Since then, Huckabee has remained one of the GOP's most visible figures, hosting his own talk show on Fox News and touring the conservative lecture circuit. But aside from a controversial trip to Israel, where he declared an alliance with radical Jewish settlers seeking to Judaize occupied areas of East Jerusalem and the West Bank, Huckabee has managed to avoid the kind of caustic media spectacles that Sarah Palin has generated. [Editor's note: This was written before the controversy over Huckabee's commutation years ago of the man suspected of killing four Washington law officers. Polling continues to show Huckabee a favorite among Republican voters.] He is saving his energy for the next campaign, when he hopes to capitalize on residual support in heavily evangelical states and, at the very least, demonstrate his value as a vice presidential nominee who can bring the Christian right around for an establishment candidate like Romney.
In the following excerpt from my new book, “Republican Gomorrah,” I explain how Huckabee's success in the 2008 GOP primary stemmed from deeper factors than his positions on the issues. Unlike his adversaries, he understood the nuances of the Christian right — the movement that controls the party.

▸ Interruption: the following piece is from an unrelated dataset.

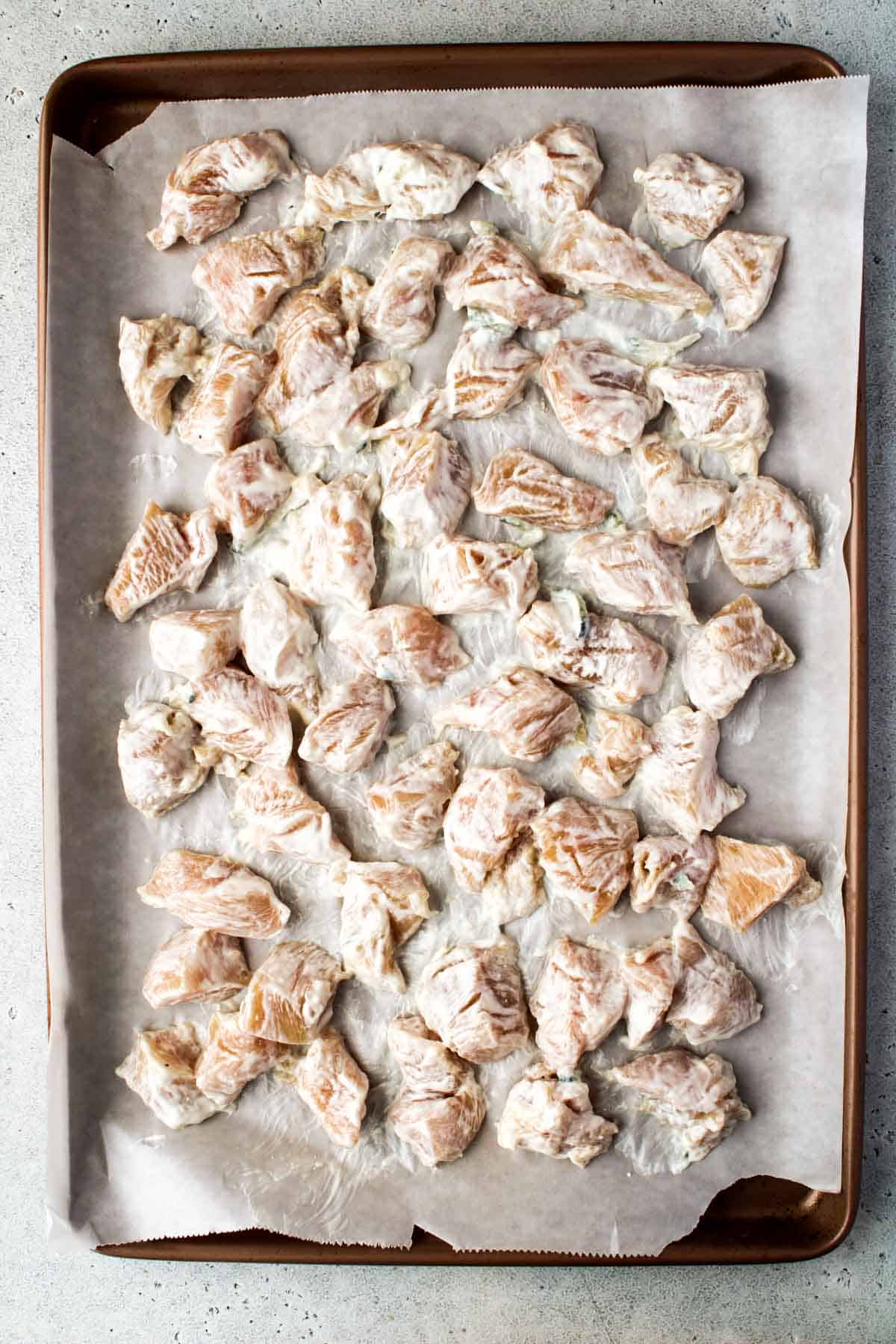 Chicken breast cubes on a prepared pan.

n Huckabee's appeal among the Republican base stemmed from more subtle factors than his positions on social issues. Unlike Romney and the rest of his adversaries, Huckabee demonstrated an intimate understanding of the complexities of the Christian right. Most important, he recognized how the movement's underlying culture of personal crisis animated its politics of resentment. His familiarity with this critical nuance was apparent when he spoke before an assemblage of Iowa's most politically active clergy members, the Pastors and Pews conference, in July 2007. Huckabee's speech was a remarkably coherent disquisition on the nexus between private trauma and political conservatism. Echoing his friend Dobson, he insisted that man is too inherently corrupt to stand against the putrid headwinds of modern culture alone and that he must therefore submit to strict Dominionist guidelines:
“If you want to make the hair on the back of my neck stand up, just tell me that my experience as a pastor lets you know that I don't have a clue about human life and the struggle of it. ... Name me any profession in this country, on this planet where people touch more the lives of every social pathology today. ...
“To that wife who's trying to use make-up not to enhance her beauty but to hide the scars and the bruises from the abuse of some alcoholic husband who beats the daylights out of her every time he gets drunk — I've talked to her. From the person who's struggling with who he or she may be in the context of a relationship that believes that he's in love with a person of the same gender — I've talked to him. Name any problem, any social pathology, name any issue that's confronting, and I'll tell you who's dealing with them. It's the pastors of America who see the tears pouring out day after day after day ... who understand life at a level very few people see because these are the men and women who have front row seats to the real struggles of life....
“Chuck Colson said it beautifully, he said, ‘The problem in today's world of this conflict of faith and secularism is that humanists don't understand humanity, but a lot of Christians don't understand Christianity. In part because we don't understand the nature of man.' ... The nature of man is not that he's basically good; the nature of man is that he's basically selfish. We have a sin nature, not a God nature. We have a God who made us, but we come into this world broken. We come into this world with a self-centeredness that only grace can fix. And if we fail to understand that, then we will believe as those who are the secularists do, that man's problems are essentially either economic or educational.”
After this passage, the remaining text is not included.